(Recorded data)
++++++++++++++++++++

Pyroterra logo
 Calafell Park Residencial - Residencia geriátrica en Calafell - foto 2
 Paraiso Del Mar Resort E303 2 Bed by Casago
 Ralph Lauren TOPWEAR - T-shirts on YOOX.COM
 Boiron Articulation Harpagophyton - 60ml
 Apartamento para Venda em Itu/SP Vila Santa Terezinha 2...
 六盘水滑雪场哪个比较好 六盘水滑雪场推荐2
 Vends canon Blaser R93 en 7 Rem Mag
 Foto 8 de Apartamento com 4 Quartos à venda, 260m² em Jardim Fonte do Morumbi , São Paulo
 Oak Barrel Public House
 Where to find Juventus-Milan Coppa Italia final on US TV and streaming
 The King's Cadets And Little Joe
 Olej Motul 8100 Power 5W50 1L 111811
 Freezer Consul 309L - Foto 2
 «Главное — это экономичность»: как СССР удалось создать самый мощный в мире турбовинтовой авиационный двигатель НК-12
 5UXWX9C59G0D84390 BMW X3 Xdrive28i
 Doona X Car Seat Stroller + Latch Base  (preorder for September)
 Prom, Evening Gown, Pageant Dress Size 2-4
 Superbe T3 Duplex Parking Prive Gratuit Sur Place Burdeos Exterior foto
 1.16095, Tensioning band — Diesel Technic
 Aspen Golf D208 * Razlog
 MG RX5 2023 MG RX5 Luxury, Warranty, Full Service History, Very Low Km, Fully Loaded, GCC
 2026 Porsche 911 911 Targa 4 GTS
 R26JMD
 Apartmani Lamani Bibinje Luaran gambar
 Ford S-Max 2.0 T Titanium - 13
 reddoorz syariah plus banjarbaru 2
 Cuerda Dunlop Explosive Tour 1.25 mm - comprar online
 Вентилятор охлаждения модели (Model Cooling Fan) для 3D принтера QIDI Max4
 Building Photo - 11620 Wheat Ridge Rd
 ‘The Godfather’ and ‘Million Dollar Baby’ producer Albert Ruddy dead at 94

++++++++++++++++++++

→ Problem requirements:
Return the lines above, starting at the one that contains "Aspen Golf D208 * Razlog" and running through the last, exactly as they appear, with no extra lines.

→ Output below:
 Aspen Golf D208 * Razlog
 MG RX5 2023 MG RX5 Luxury, Warranty, Full Service History, Very Low Km, Fully Loaded, GCC
 2026 Porsche 911 911 Targa 4 GTS
 R26JMD
 Apartmani Lamani Bibinje Luaran gambar
 Ford S-Max 2.0 T Titanium - 13
 reddoorz syariah plus banjarbaru 2
 Cuerda Dunlop Explosive Tour 1.25 mm - comprar online
 Вентилятор охлаждения модели (Model Cooling Fan) для 3D принтера QIDI Max4
 Building Photo - 11620 Wheat Ridge Rd
 ‘The Godfather’ and ‘Million Dollar Baby’ producer Albert Ruddy dead at 94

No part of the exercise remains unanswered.